One never knows when one will encounter the modern application of human vocal athletics to what was once known as music. I refuse to surrender my inner peace and tranquility, let alone my eardrums, to most of what shoppers and diners and even unsuspecting passengers on public transport must endure: a squealing female voice like fingernails on slate; a sound that can take paint off a rusty bridge and curl the teeth.

The young people love it. But it’s not their fault. They never heard Perry Como’s rendition of “There’s No Place Like Home for The Holidays,” or if they did, they quickly stuck their earbuds in their ears to avoid Old Folks pollution. If you’re sitting there wondering who’s Perry Como, please turn the page now. Go read the ads for tush enhancement or something deep like that.

For all my childhood years and to an extent even today, it was not Christmas until I heard Bing Crosby on the radio singing “White Christmas.” The original versions of songs like that and “Silver Bells” (Doris Day?) were as sacred to me as the religious carols and hymns that are not considered acceptable today to play in public, lest someone be offended.

What’s offensive is the ruination applied to those old songs by today’s celebrities who cannot even do the national anthem justice. It is to be sung, not wrung out with a yodel.
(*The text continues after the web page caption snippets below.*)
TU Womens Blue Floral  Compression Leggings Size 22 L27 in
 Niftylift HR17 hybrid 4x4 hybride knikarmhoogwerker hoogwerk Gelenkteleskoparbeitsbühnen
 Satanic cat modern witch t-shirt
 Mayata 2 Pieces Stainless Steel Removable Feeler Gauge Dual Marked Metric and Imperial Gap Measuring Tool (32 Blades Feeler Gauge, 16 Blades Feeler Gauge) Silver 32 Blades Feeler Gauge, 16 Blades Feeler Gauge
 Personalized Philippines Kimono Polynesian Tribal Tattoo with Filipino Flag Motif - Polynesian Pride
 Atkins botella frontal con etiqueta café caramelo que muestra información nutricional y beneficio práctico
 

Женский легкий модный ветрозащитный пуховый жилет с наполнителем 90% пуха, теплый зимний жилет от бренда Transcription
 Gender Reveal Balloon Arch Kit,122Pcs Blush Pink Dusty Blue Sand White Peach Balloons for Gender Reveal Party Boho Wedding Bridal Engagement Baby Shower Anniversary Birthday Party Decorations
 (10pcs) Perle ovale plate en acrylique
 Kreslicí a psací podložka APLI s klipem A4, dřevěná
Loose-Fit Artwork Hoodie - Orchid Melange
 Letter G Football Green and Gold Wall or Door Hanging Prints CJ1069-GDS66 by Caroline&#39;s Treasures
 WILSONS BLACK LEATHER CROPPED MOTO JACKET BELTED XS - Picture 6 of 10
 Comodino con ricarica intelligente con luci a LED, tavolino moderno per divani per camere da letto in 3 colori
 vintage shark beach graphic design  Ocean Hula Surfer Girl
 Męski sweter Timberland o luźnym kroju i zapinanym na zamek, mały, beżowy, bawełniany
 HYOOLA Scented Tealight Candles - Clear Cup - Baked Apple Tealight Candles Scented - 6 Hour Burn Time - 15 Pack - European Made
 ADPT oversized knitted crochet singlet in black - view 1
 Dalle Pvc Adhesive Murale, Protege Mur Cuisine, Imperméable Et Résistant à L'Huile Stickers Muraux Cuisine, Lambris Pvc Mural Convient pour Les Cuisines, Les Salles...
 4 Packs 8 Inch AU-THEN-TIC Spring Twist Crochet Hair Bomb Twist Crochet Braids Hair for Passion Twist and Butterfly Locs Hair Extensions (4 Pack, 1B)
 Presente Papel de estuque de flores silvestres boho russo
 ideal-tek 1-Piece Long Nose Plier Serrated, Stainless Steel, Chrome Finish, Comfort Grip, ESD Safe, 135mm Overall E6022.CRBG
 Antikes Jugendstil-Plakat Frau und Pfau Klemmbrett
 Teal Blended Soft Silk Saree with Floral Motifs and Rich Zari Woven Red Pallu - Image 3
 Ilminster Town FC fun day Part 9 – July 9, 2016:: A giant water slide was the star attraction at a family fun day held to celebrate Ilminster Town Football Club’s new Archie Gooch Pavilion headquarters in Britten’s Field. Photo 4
To be honest, I was slow to accept new music even when I was going through those rebellious years. I heard Elvis grunt “You Ain’t Nothin’ But a Hound Dog” on the jukebox and predicted he’d be back driving a truck in Tupelo within the month. I thought Buddy Holly was gagging on something. I never got The Beatles, and wondered if Bob Dylan’s singing would improve if he took the doughnut out of his mouth.

I make fun, but I get it. I turned up my nose at big band music when I was in my teens because it was my father’s music. He was a horn player who liked to play the tunes of Glenn Miller, Harry James, the Dorsey brothers. Today, I have complete albums of all those bands and more, and tool along the highway on longer trips singing “I’ve Got A Gal in Kalamazoo.”

The odds are I will run out of road before those classic versions of Christmas music disappear. It gives me some satisfaction to think that many miles down the road, long after my Big Detour, today’s youthful music lovers (those who are not totally deaf) will be feeling nostalgic for Mariah Carey ripping the sheets of “All I Want For Christmas is You” and despising what teenies are committing in the name of music to those old-fashioned hit songs of 2018.